As I’ve noted previously, one of the trademarks of living in North Dakota is the assumption that you are six degrees of separation from basically everyone else in the state. Kyle and I once went to lunch in Grand Forks and didn’t recognize anyone in the restaurant and so we walked out and returned through another door in case we were accidentally in a Twilight Zone-type of situation. Sometimes that assumption can get you in trouble, which is the story I am going to tell you now.
In the days of yore, Kyle and I landed back at the Minneapolis airport after a sunny trip to Boston. The baggage claim was packed, and Kyle deposited me and our carry-ons off to the side and squeezed into the fray to get our luggage. Cell phones didn’t do anything besides make phone calls back then, and so I decided to partake in everyone’s favorite activity before we had little handheld computers to scroll through: people watching.

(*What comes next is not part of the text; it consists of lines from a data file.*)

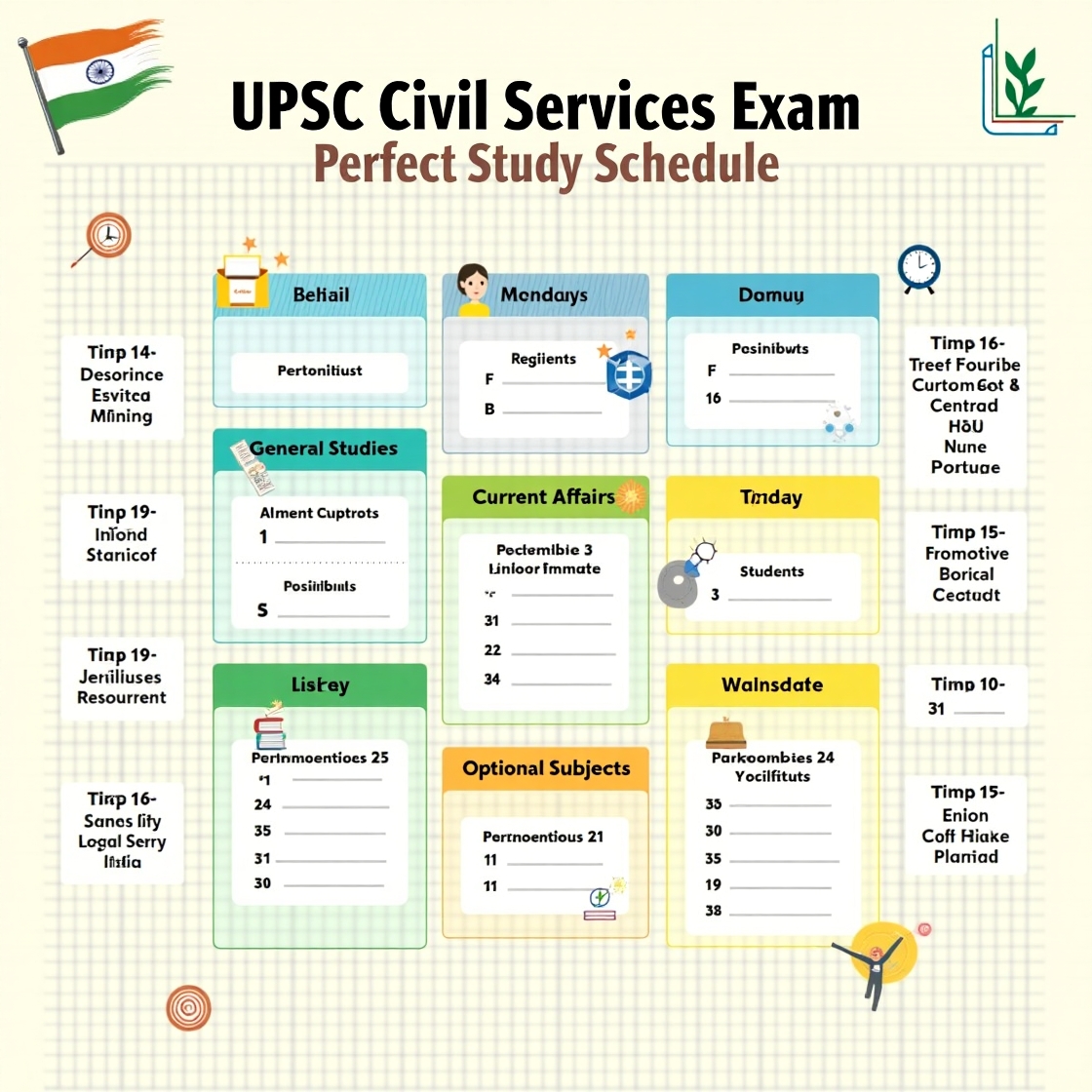 How to Create a Perfect Study Schedule for UPSC Civil Services (IAS, IPS) Exam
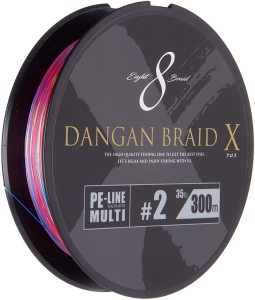 MC Dangan X Braid İp DBX8 PE 2.0 300 metre Multi Color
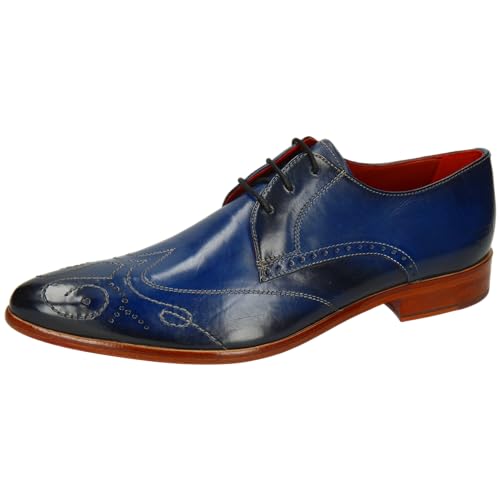 Melvin & Hamilton Derbies Hommes Toni 52 Bleu 42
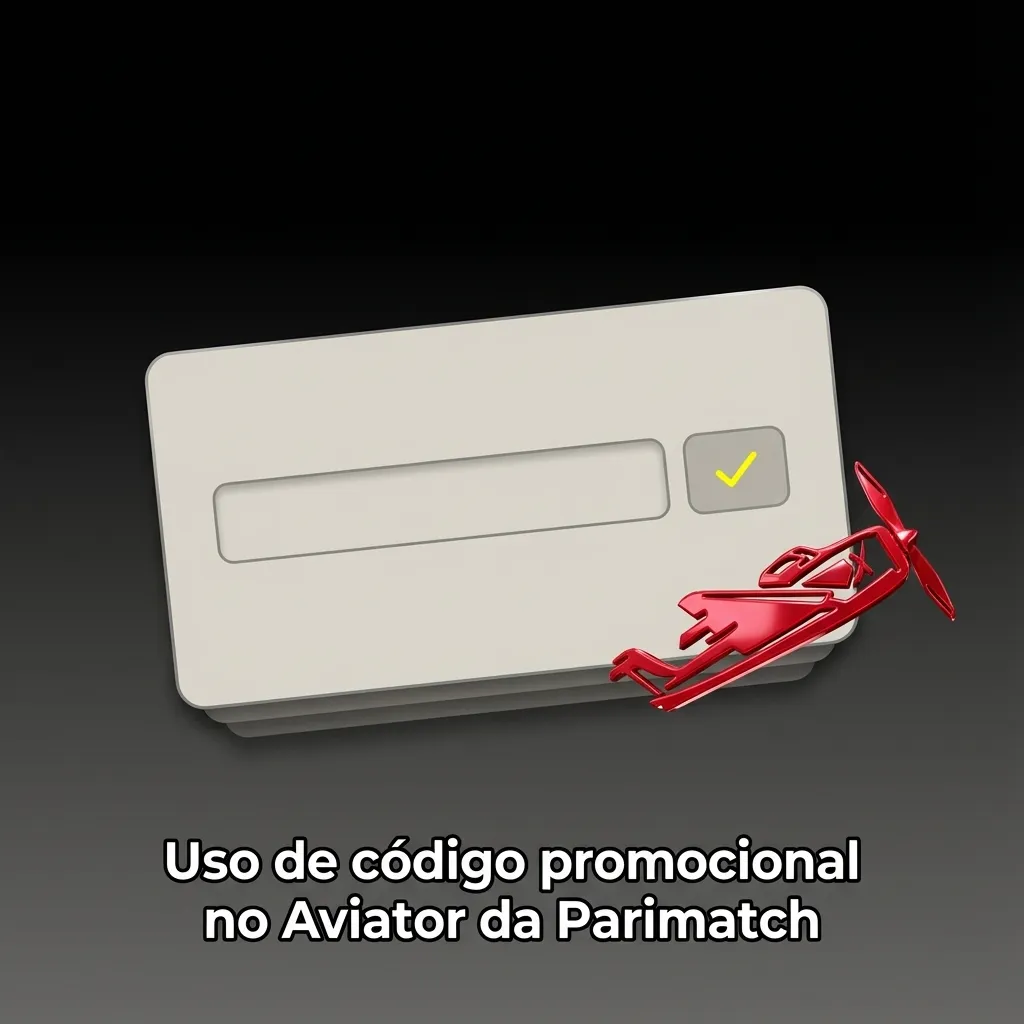 Tela do Aviator na Parimatch com campo para inserir código promocional “AVIATORBR” e ativar bônus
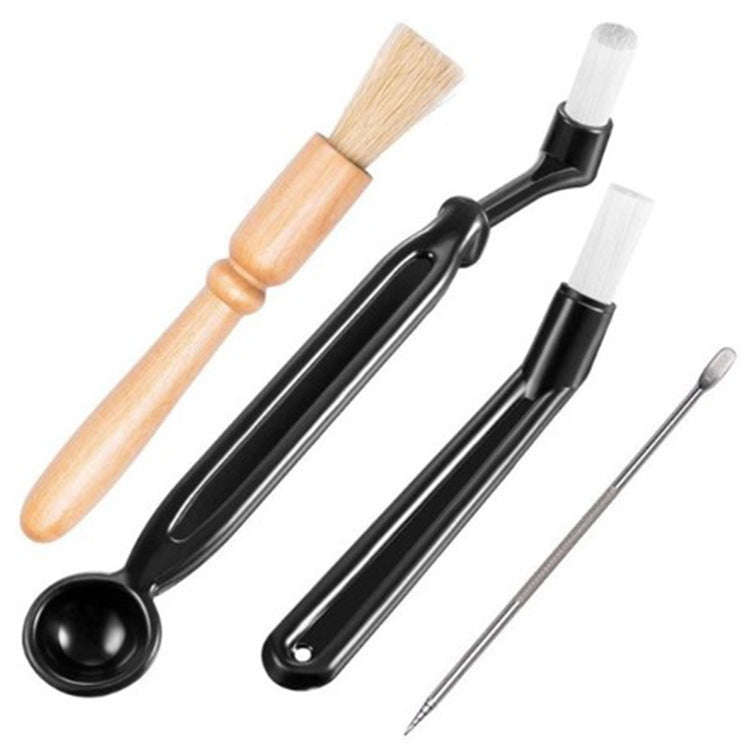 4-in-1 H Type Coffee Machine Cleaning Set Coffee Grinder Brush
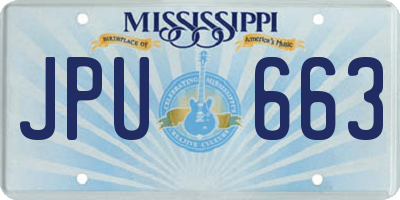 MS license plate JPU663
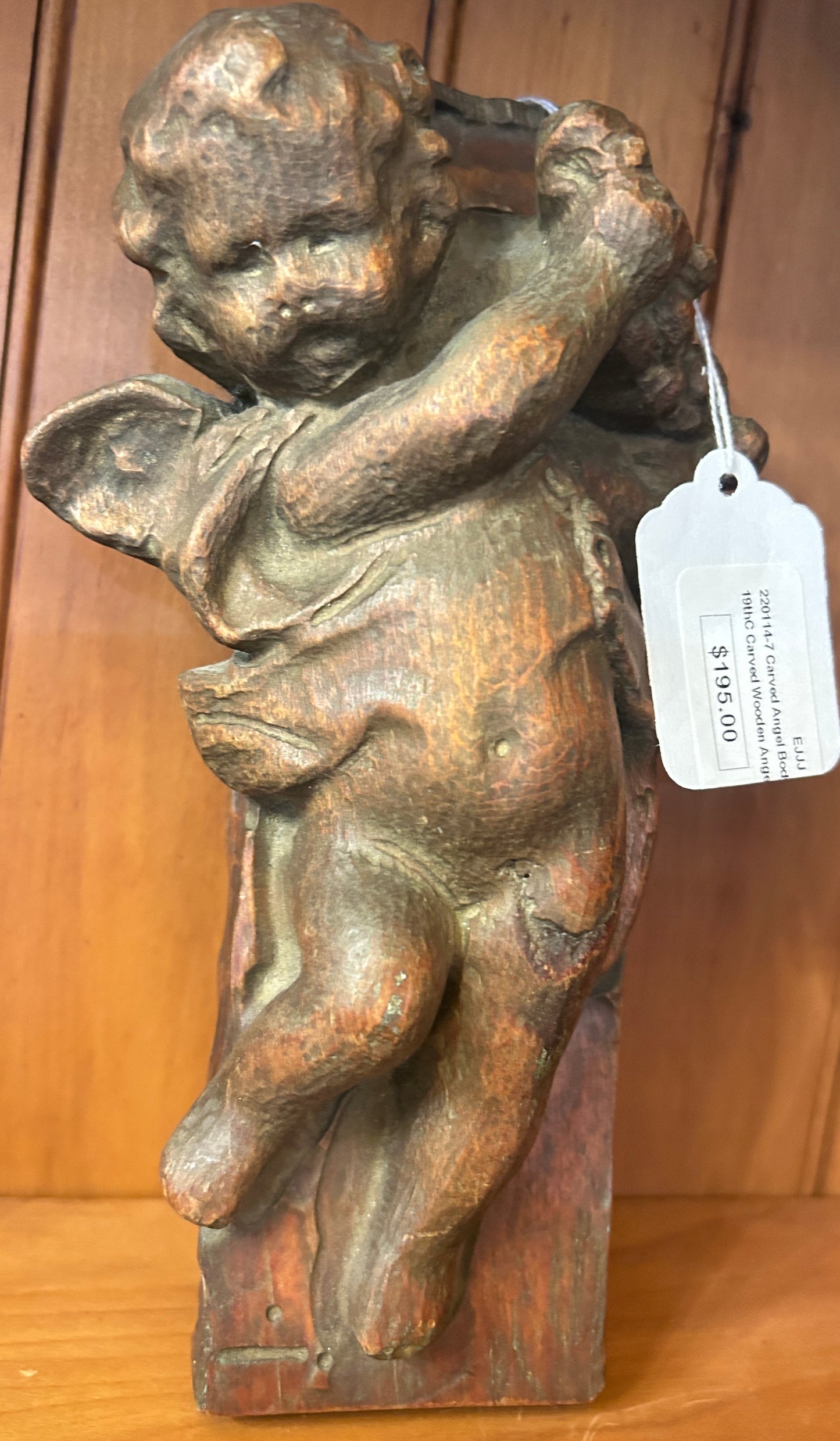 220114-7 Carved Angel Body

Next to county fairs, airports are top shelf for some really solid people watching. I’m guessing I saw some great stuff, like a little girl in sparkly sunglasses feeding Cheetos to a goat (maybe that was at the fair), but I became distracted by a handsome gentleman standing ten feet off to my left. I wasn’t distracted because he was handsome, but because I knew him.
I have a great memory for things like ice cream and perceived ills. I have a horrible memory for people. My horrible memory is definitely exacerbated by the fact that I’ve lived in quite a few places and get faces and situations mixed up in my head, and not at all because I’m self-centered and often preoccupied by my own me-ness. Which was definitely not the case at the airport that day.
I caught a glimpse of this feller out of the corner of my eye, and immediately went through an incredible series of mental gymnastics trying to place him in space and time. Not coming up with an answer, I decided to get a better look. I did that thing where I pretended to search around for something far off in the distance – Is that Coldstone Creamery I smell? – and instead surreptitiously sneaked a few glances at my unclaimed compadre. I did such a good job in my ruse that the gent, who had been nicely minding his own business, quickly peered over at me, probably to see if he could get in on a cup of Cake Batter Batter Batter.
Suddenly, it dawned on me: he was my former co-worker’s husband, Paul. I was very proud of myself. Paul and I hadn’t seen each other in a couple of years; good on me to recognize him after all the time!
I looked over at Paul, and smiled. Paul gave a polite half-smile back, and then turned away.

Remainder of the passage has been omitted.